There’s the saying that software development is one of the few crafts where the craftspeople also create the tools for themselves.
It at least killed my Unity game, 3 months in development. Now I’m using only FOSS engines.
@pennomi @Dirk there is drama within foss too :)
Yep, drama always comes. The question is, do you want to have any power and rights when the drama comes?
deleted by creator
It can take years to fully master a piece of software like a game engine.
It also take years to build a game and often your locked to the game engine during development. (Some manage to change mid development but its always a costly Painful experience)
For ongoing development Godot would also need to support all of the features that where already established to become a part of the game.
So boycotting unity isn’t easy or feasible for activd devs and should logically take years of small cultural changes within dev communities as more and more new projects start off with godot from the get go.
But thats not what i am seeing here. What i see here is unity getting fucked by a a company i never heard of before last year. In almost no time Godot Spearheaded to appear to be statistically more popular for gamedevs then linux is for desktop users. It really is wild display of ongoing momentum.
You’re entitled to your own perspective and opinion when being shown information of course but its a rather narrow minded stance that you are taking.
15 to 90 feels good man, could be less, and the gap is closing faster than you can say Riccitel-whatever-his-name-was
One out of six is not bad, considering the costs of migrating over from Unity to Godot, and the maturity level of Godot vs Unity. The real tell will be for future/new projects, and in what product they are done in.
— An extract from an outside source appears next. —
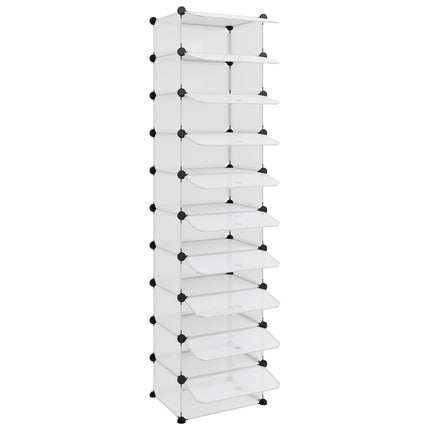 Skohylla transparent 44x32x174 cm PP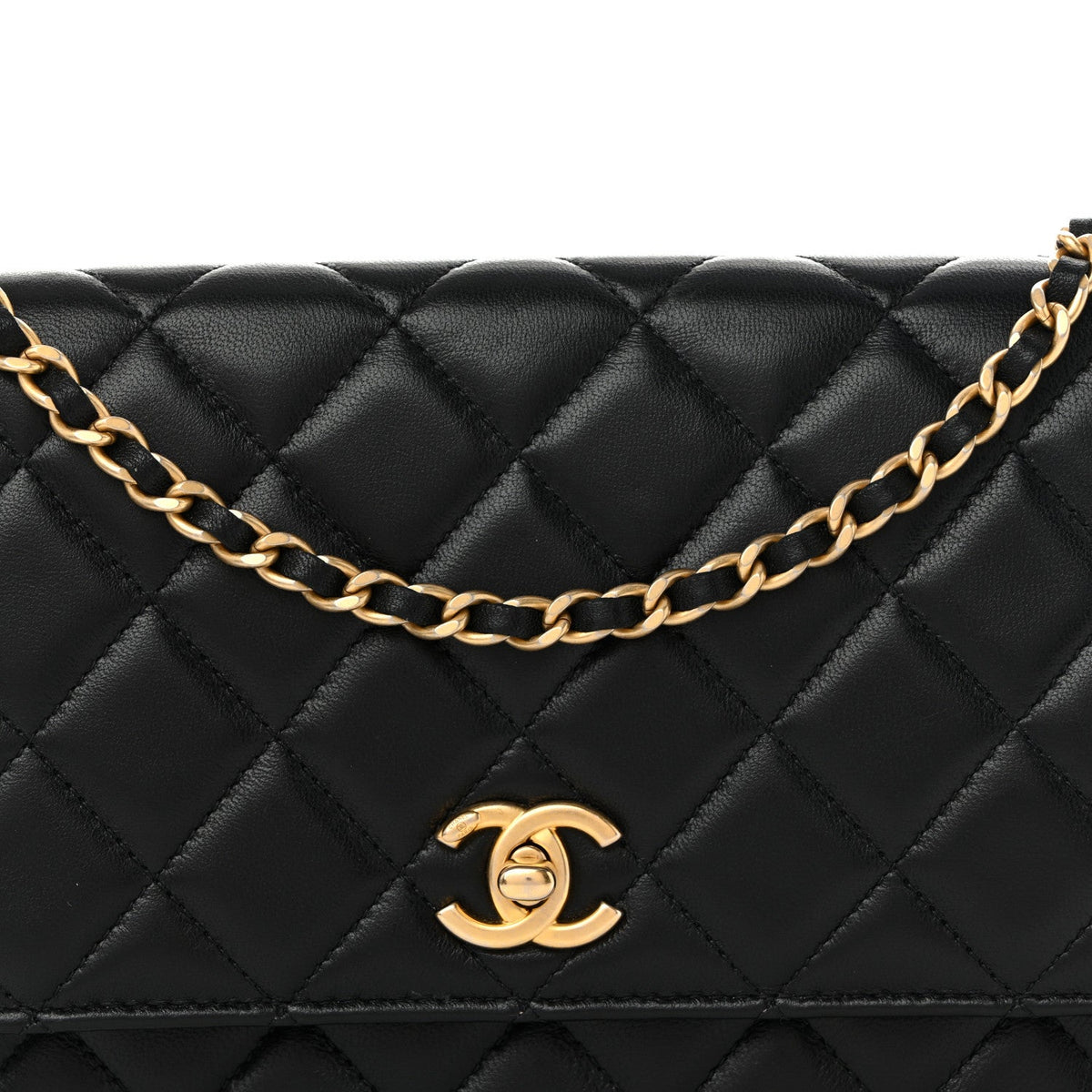 Quilted Lambskin Wallet Bag - Black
But overall, familiarity (and sunk-cost fallacy) grabs you by the privates, and its hard to get it to let go.
Anti Commercial-AI license (CC BY-NC-SA 4.0)
As far as I know, Godot has no replacement for Unity ECS and DOTS. Not to mention the comparatively extremely small library of community tools. I definitely want to see it continue to grow, and it’s clearly trending in that direction. But its not there yet.
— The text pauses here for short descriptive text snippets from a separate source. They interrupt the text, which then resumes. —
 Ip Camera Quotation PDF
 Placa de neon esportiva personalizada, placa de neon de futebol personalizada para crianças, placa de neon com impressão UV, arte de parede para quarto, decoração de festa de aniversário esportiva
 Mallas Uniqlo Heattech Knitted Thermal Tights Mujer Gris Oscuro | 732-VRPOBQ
I wish I could say Bevy could replace Unity ECS, but I can’t. While Bevy’s ECS is undeniably far better than Unity ECS, one of the issues with Bevy is sometimes developers don’t want to be completely locked into using ECS, and since Bevy is practically ECS-only that causes some issues. Plus the fact that Bevy is just new and unpolished, it lacks a lot of features that would be necessary to even be considered professionally.
Considering that DOTS is allegedly at least partially to blame for the disaster that is Cities: Skylines 2 (Source), I’m almost tempted to say that’s a good thing.
While the licensing changes were the last straw, I was always annoyed with the direction Unity was going, which was grafting a bunch of unfinished, barely documented features onto the engine, putting the stuff it’s supposed to replace on life support and never actually finishing those features for years.
Sure anything can be a performance drain if the devs implement it poorly. It seems like it came down to a poor implementation of culling causing waay too many verts being sent to GPU.
Yes, there were lots of other issues, but what I’m mostly referring to was that many of these broken systems wouldn’t have to be built if stuff like DOTS and virtual texturing wasn’t unfinished:
How many of each before recent news?